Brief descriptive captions
>>>>>
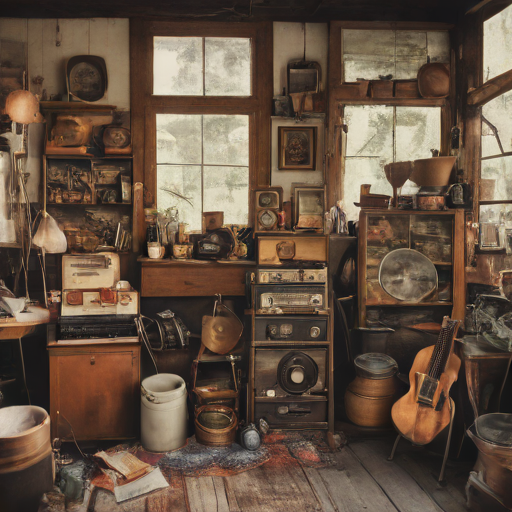 Living the Dream in Grandma's Basement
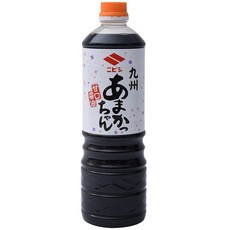 니비시 간장 아카리짱 1000ml, 1개, 1L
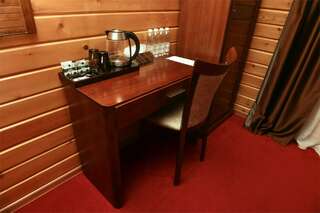 Гостиница Заречье Барнаул Двухместный номер эконом-класса с 1 кроватью-3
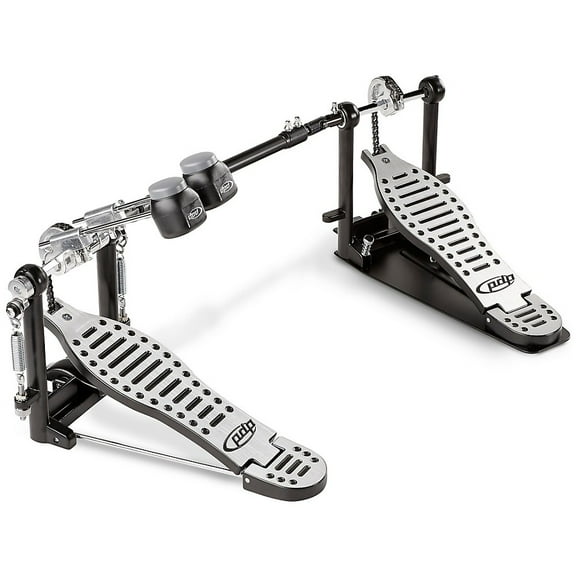 Pacific DP402L 400 Series Left Handed Double Bass Drum Pedal (Lefty)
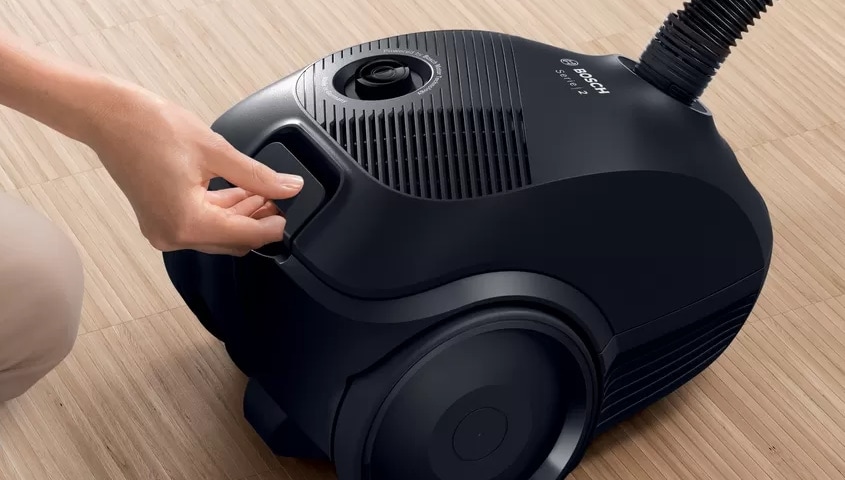 BOSCH Staubsauger Express BGBS2LB1, 600 W BOSCH Staubsauger Express BGBS2LB1, 600 W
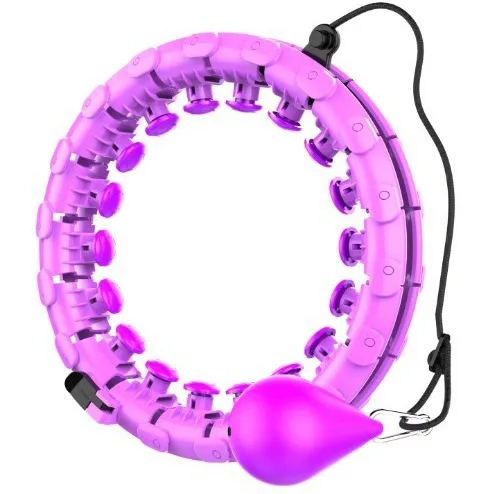 مناسبة لـ Gordon يمكن تخصيص أطواق حولا الذكية للنساء لتقليل البطن والبطن والخصر والقطع الأثرية لتقليل الدهون للنساء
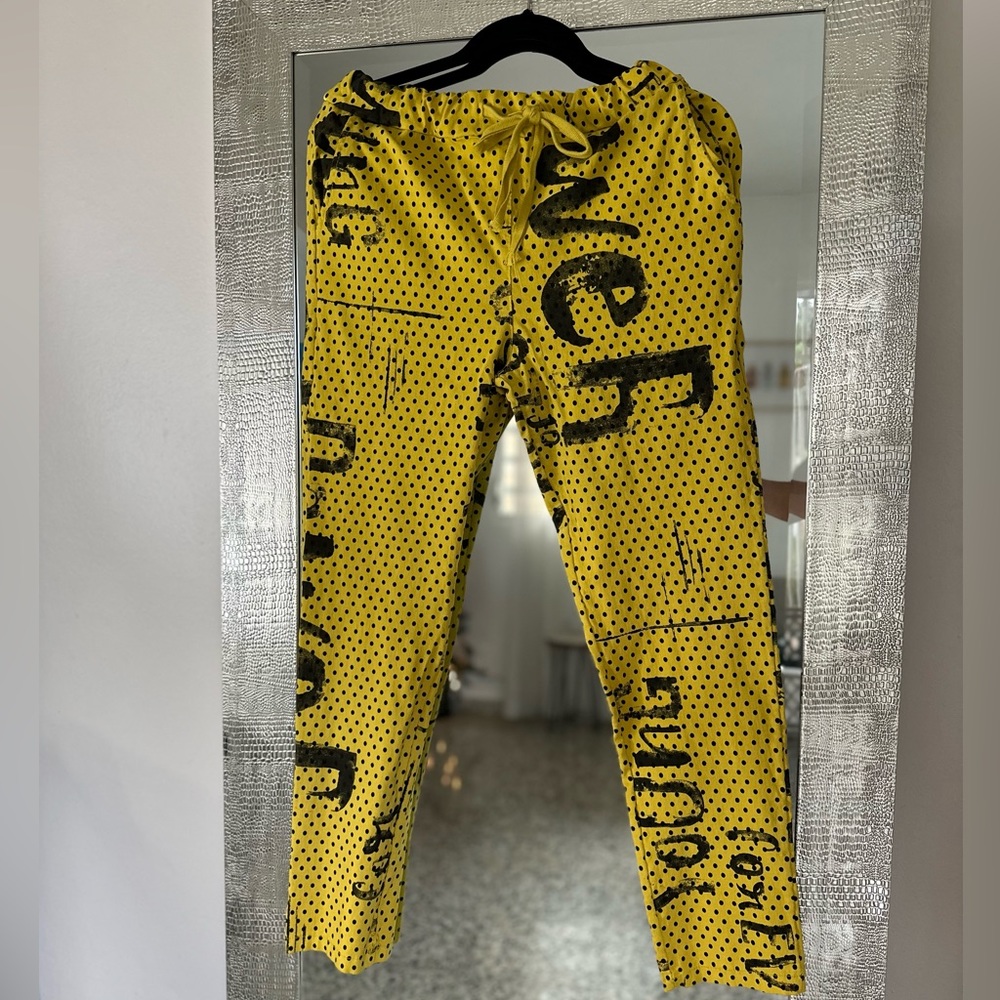 Italian Joggers
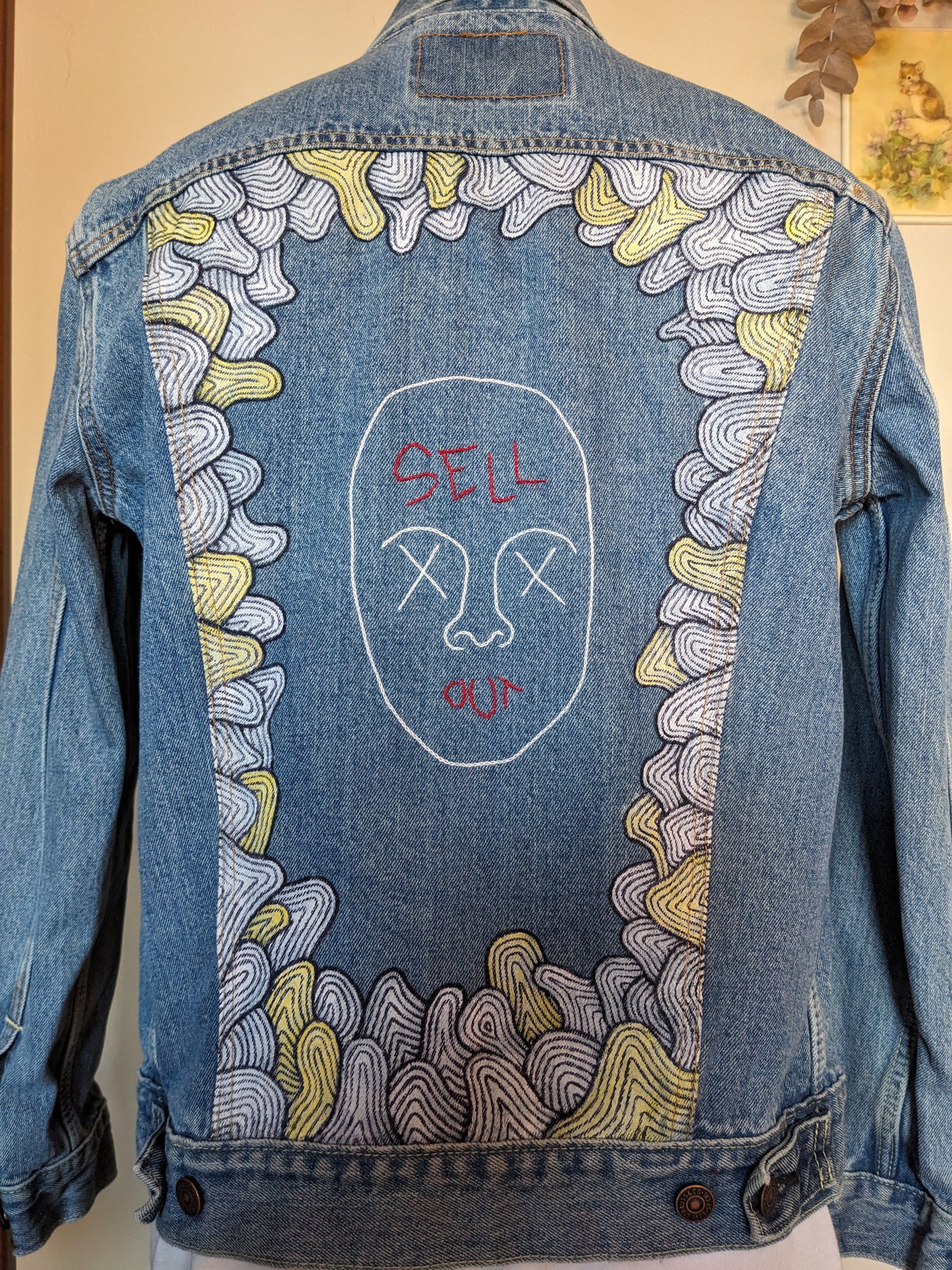 Portugal. The Man Sell Out Jacket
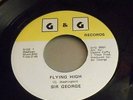 super rare soul gem: Sir George - Flying High / I lost you girl - 2 killer sides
<<<<<
Work instruction | From the line that contains "Portugal. The Man Sell Out Jacket" through the last line of the entries, transcribe every line exactly, leaving out the pictures.

Solved problem |
 Portugal. The Man Sell Out Jacket
 super rare soul gem: Sir George - Flying High / I lost you girl - 2 killer sides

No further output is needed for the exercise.